**Data extract**.
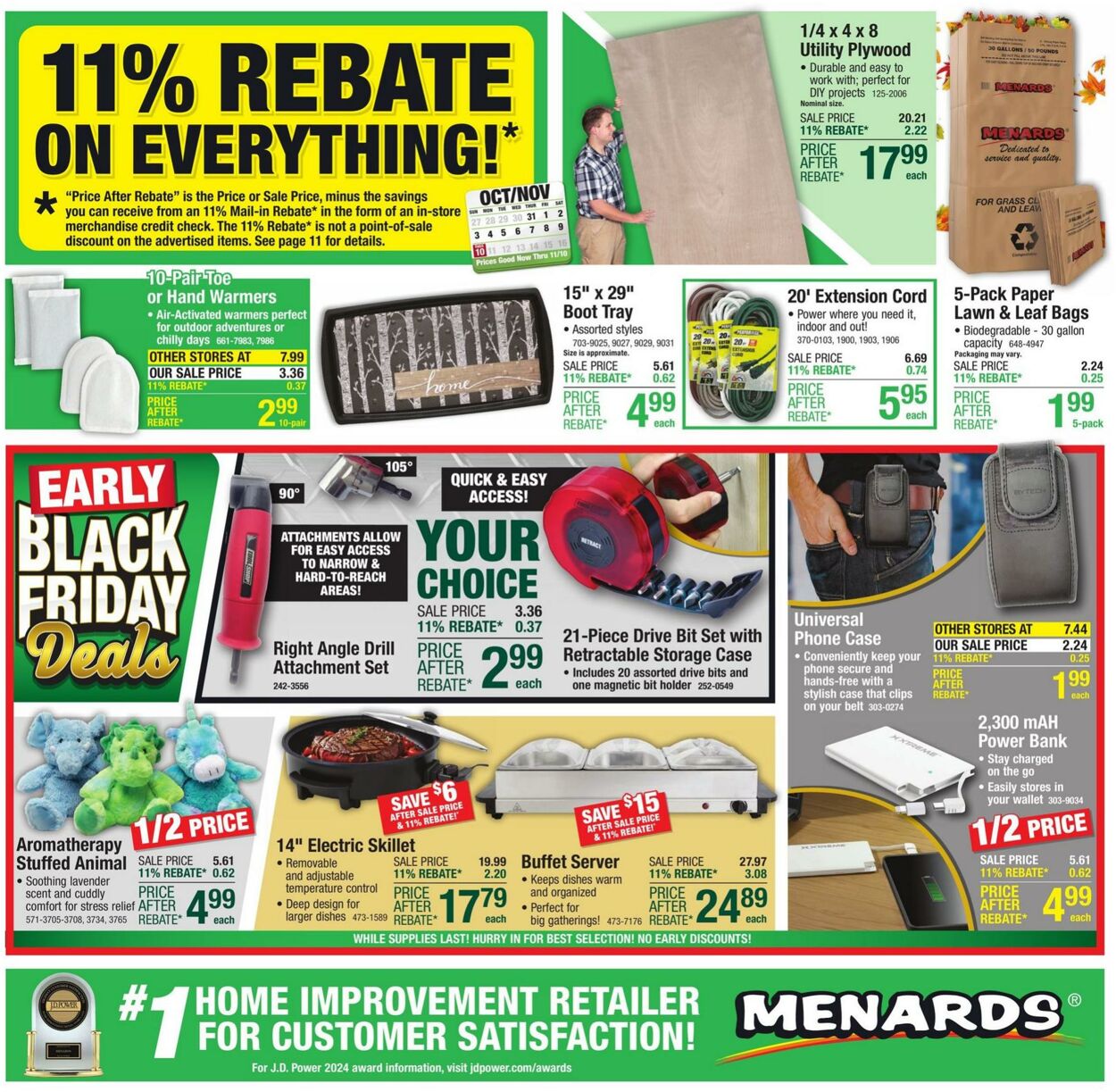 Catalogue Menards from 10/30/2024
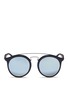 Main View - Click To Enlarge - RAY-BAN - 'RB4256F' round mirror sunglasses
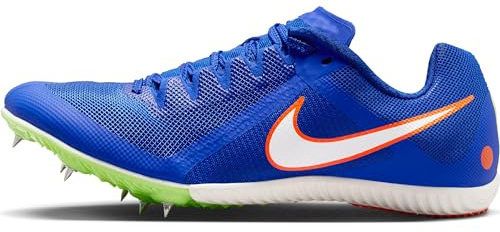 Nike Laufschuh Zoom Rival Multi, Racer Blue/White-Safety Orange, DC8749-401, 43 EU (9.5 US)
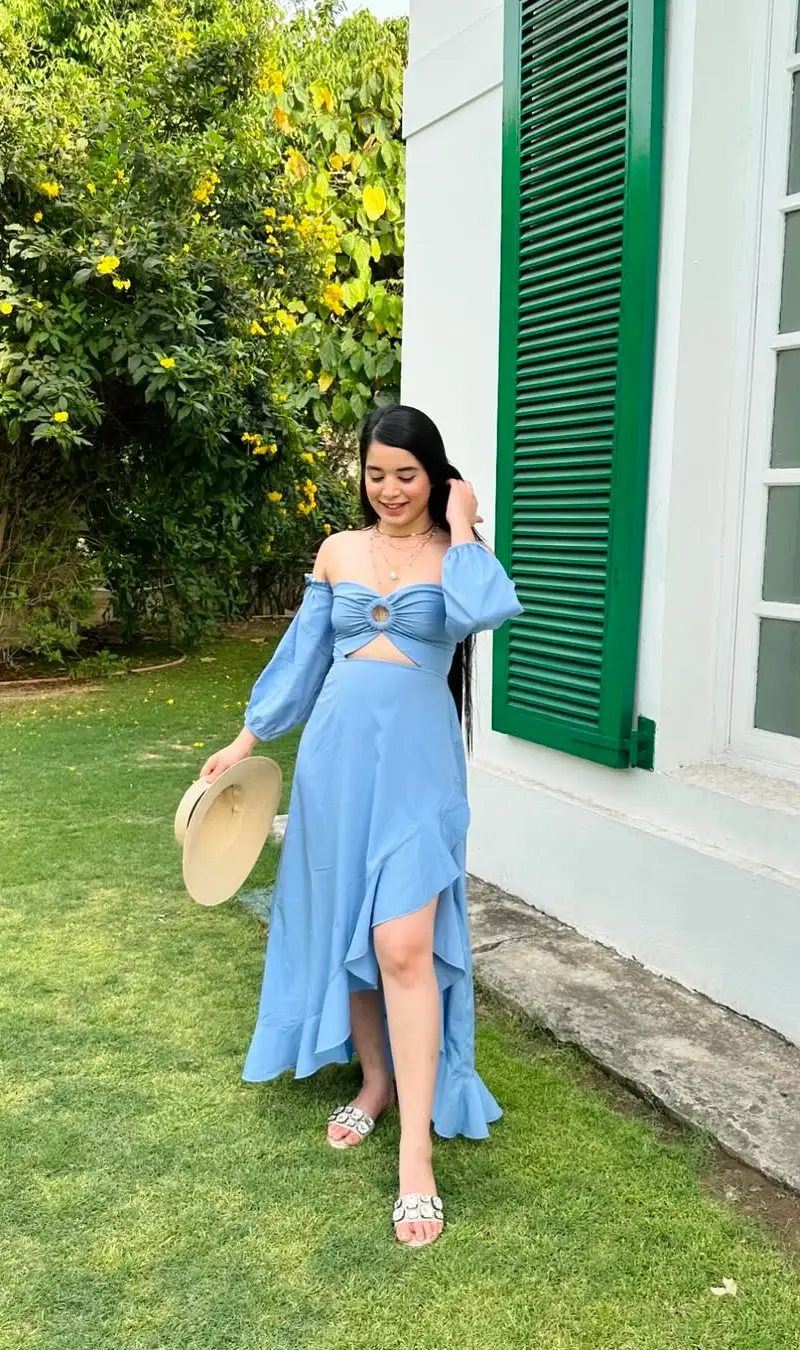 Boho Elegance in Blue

**Exercise directions**.
Line by line, return the listing above exactly, dropping every picture.

**Exercise answer**.
 Catalogue Menards from 10/30/2024
 Main View - Click To Enlarge - RAY-BAN - 'RB4256F' round mirror sunglasses
 Nike Laufschuh Zoom Rival Multi, Racer Blue/White-Safety Orange, DC8749-401, 43 EU (9.5 US)
 Boho Elegance in Blue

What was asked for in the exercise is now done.